*ASSIGNMENT:*
A faithful copy of the listing below is needed, one that contains no pictures.

*DATASET EXCERPT:*
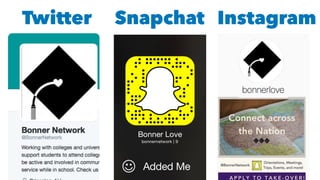 Twitter Snapchat Instagram
 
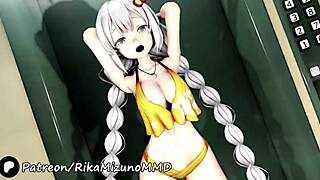 Hentai girl dance kizuna akari shimakaze cosplay mmd r18
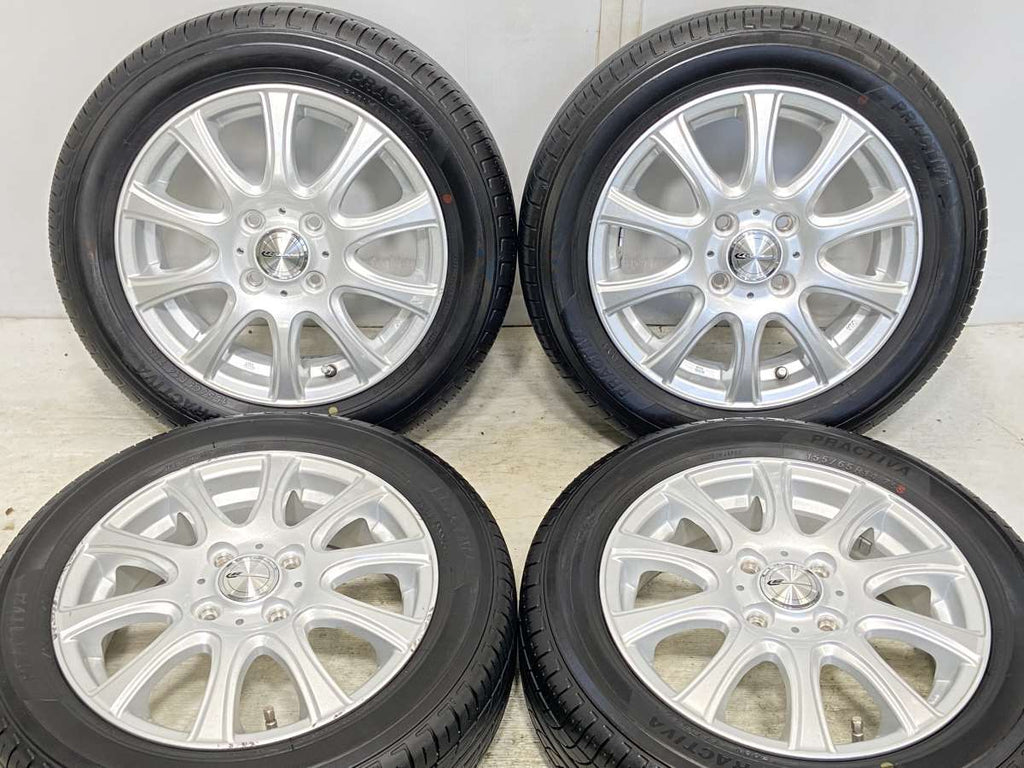 イエローハット PRACTIVA 155/65R14 / LAUFRHK 4.5J+45 100-4穴 4本 – タイヤ・ホイールカンパニー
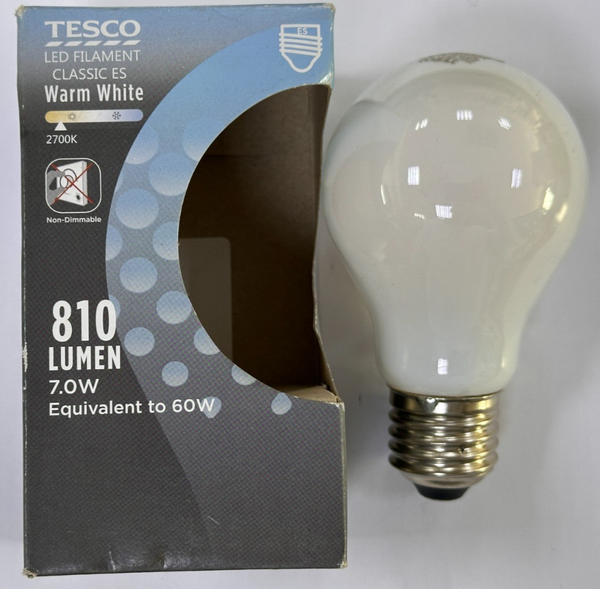 1X 7W (=60W) Led Klassisch Gls A60 GlüHbirnen,Es, E27, Edison Schraube, 2700K-image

*RESPONSE FOR THIS EXERCISE:*
 Twitter Snapchat Instagram
 
 Hentai girl dance kizuna akari shimakaze cosplay mmd r18
 イエローハット PRACTIVA 155/65R14 / LAUFRHK 4.5J+45 100-4穴 4本 – タイヤ・ホイールカンパニー
 1X 7W (=60W) Led Klassisch Gls A60 GlüHbirnen,Es, E27, Edison Schraube, 2700K-image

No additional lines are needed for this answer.